Fahr Disease is a rare degenerative neurological disorder characterized by the presence of abnormal calcium deposition and associated cell loss in the areas of brain that control movement, including basal ganglia and cerebral cortex. The condition was first described by Fahr in 1930.
- Location
Fahr Disease or familial idiopathic basal ganglia calcification is characterized by bilateral basal ganglia calcification .The most common site of calcification is the globus pallidus . However additional areas of calcification are putamen, caudate nucleus, internal capsule, dentate nucleus, thalamus, cerebellum and cerebral white matter.
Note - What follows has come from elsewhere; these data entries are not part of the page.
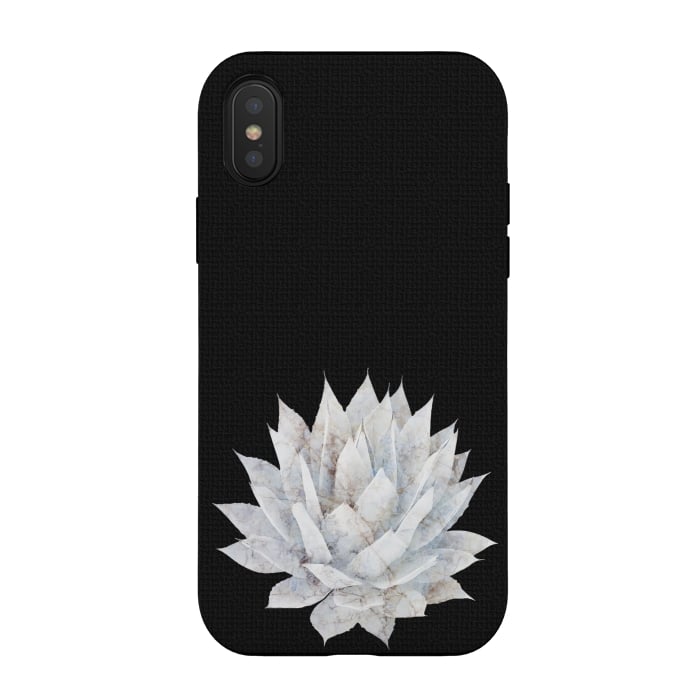 iPhone Xs / X StrongFit  Agave White Marble by amini54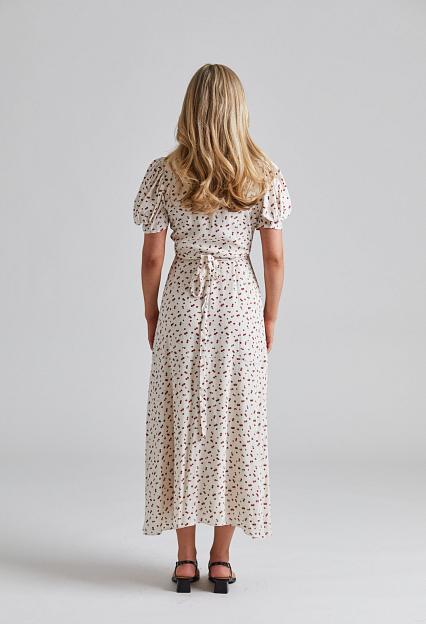 Adoore Ferrone Midi Dress White Cherry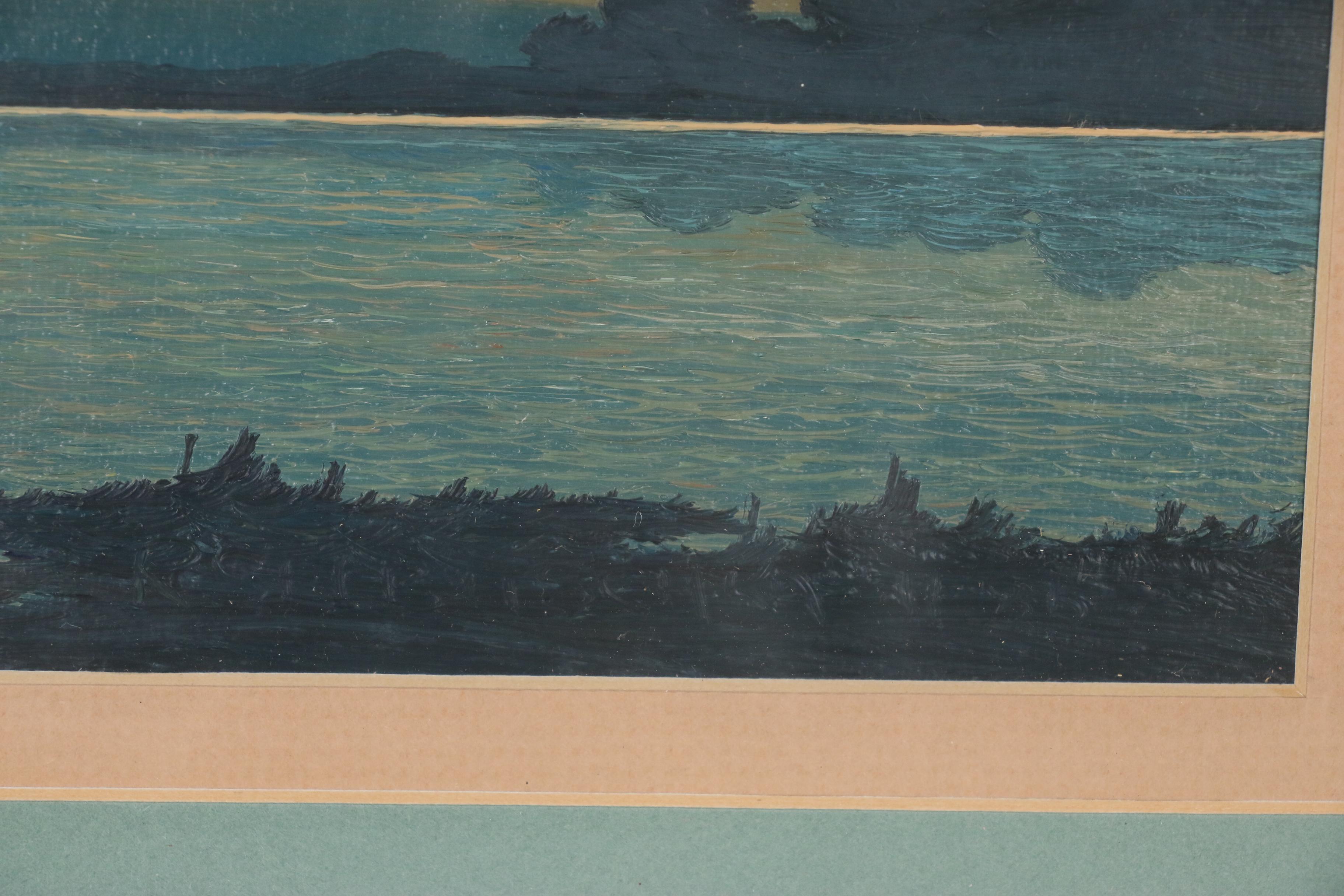 Ron Selbitschka Oil Painting "Sunset Glow", circa 1986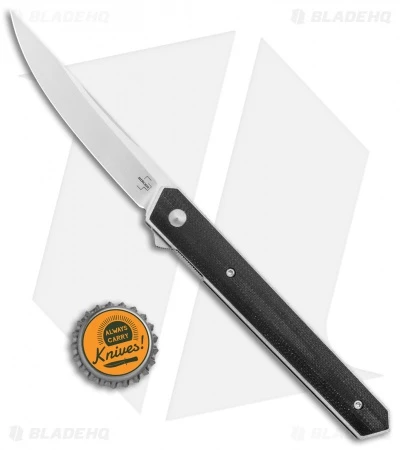 Boker Plus Kwaiken Air Liner Lock Knife Black G-10 (3.5" Satin) 4 Boker Plus Kwaiken Air Liner Lock Knife Black G-10 (3.5" Satin) - Image 4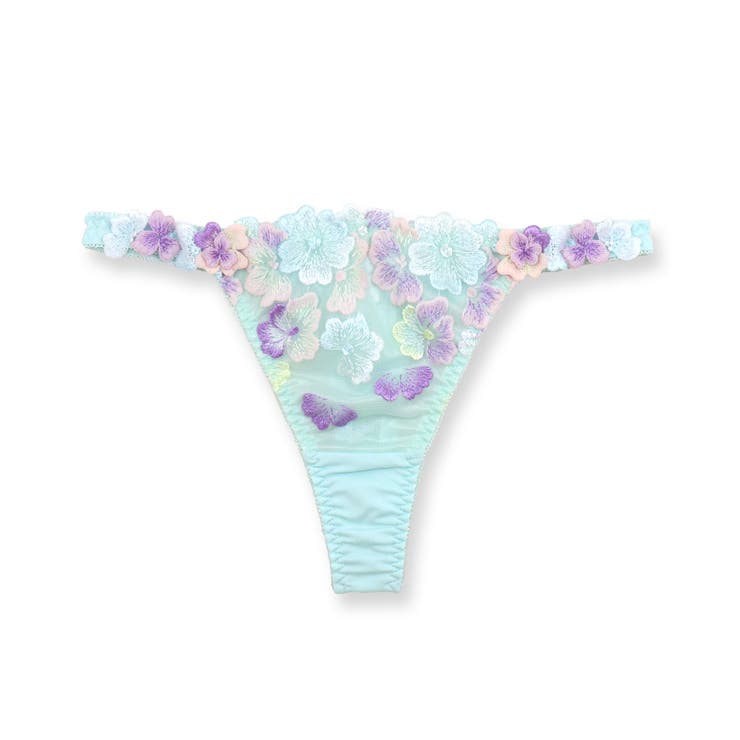 可憐な花びら刺繍フェミニンヒップに 「グレースイストフラワーペタル タンガ」 | fran de lingerie | 詳細画像3 
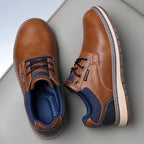 Men’s Comfort Leather Work Shoes – Arch Support, Pressure Relief, Lightweight & Slip-Resistant for All-Day Wear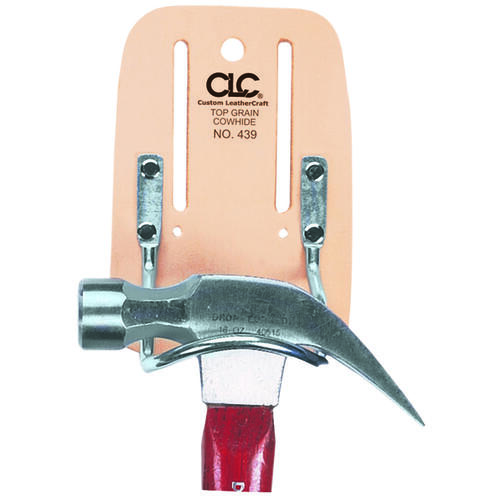 CLC 439 Tool Works Series Hammer Holder, Leather, 2-1/2 in W, 7.1 in H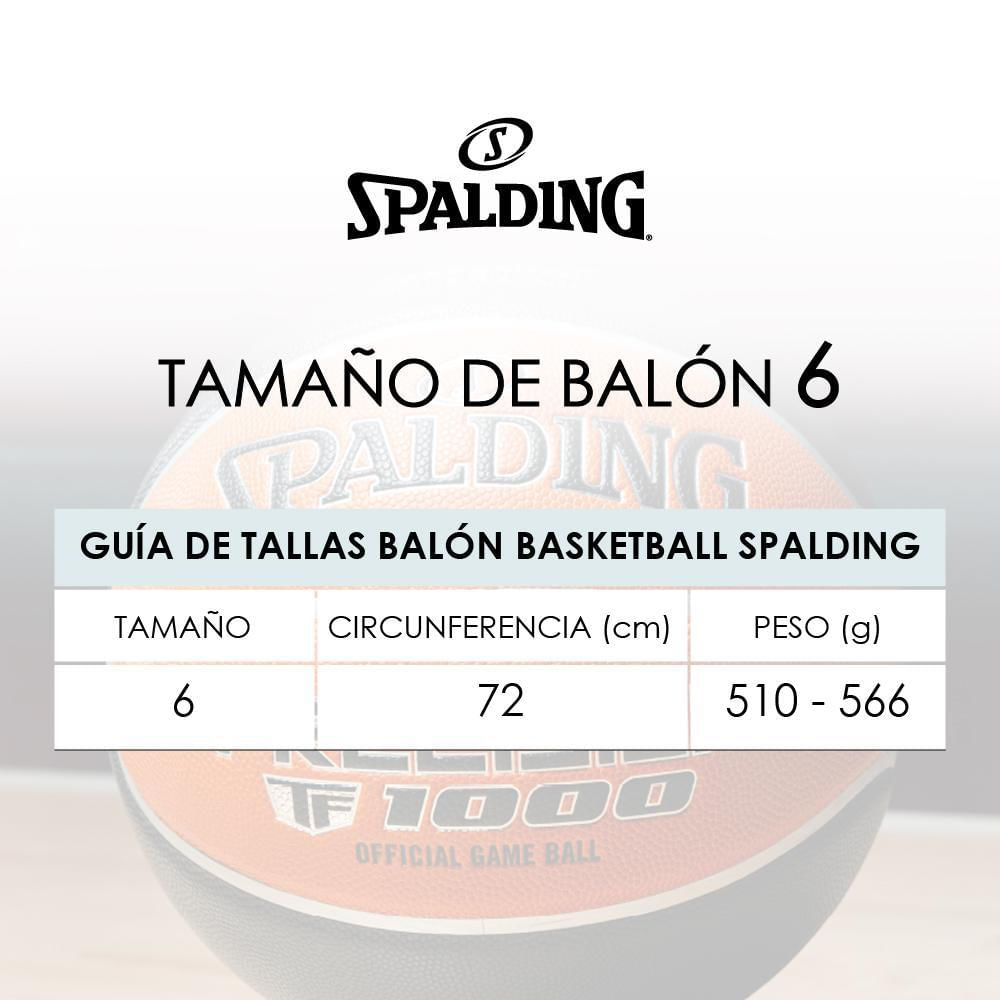 Balon Spalding De Basketball Marble Series #6 Negro img #4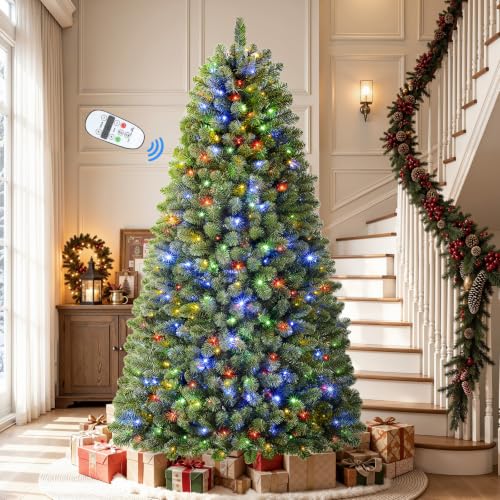7ft Prelit Christmas Tree with Remote, Timer, SHareconn Green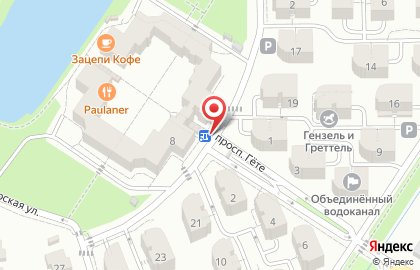 Кофейня Coffee-Capuchin на Баварской улице на карте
The calcium deposits occur in the extracellular and extravascular space often surrounding the capillaries. It is not clear whether the calcification in Fahr Disease is a metastatic deposition, secondary to local disruption of blood brain barrier, or is due to disorder of neuronal calcium metabolism.
- Age
Typically the age at onset of clinical symptoms is 30 to 60 years.
- Clinical features
The clinical evolution is that of a degenerative disorder, rather than a developmental disorder. The core clinical features are dysarthria, extrapyramidal signs, ataxia, progressive deterioration of mentality, loss of motor accomplishments, symmetrical spastic paralysis, athetosis, eye impairment due to optic atrophy.
- Prognosis
There is neither a cure for Fahr Disease, nor a standard course of treatment. The prognosis is variable and hard to predict.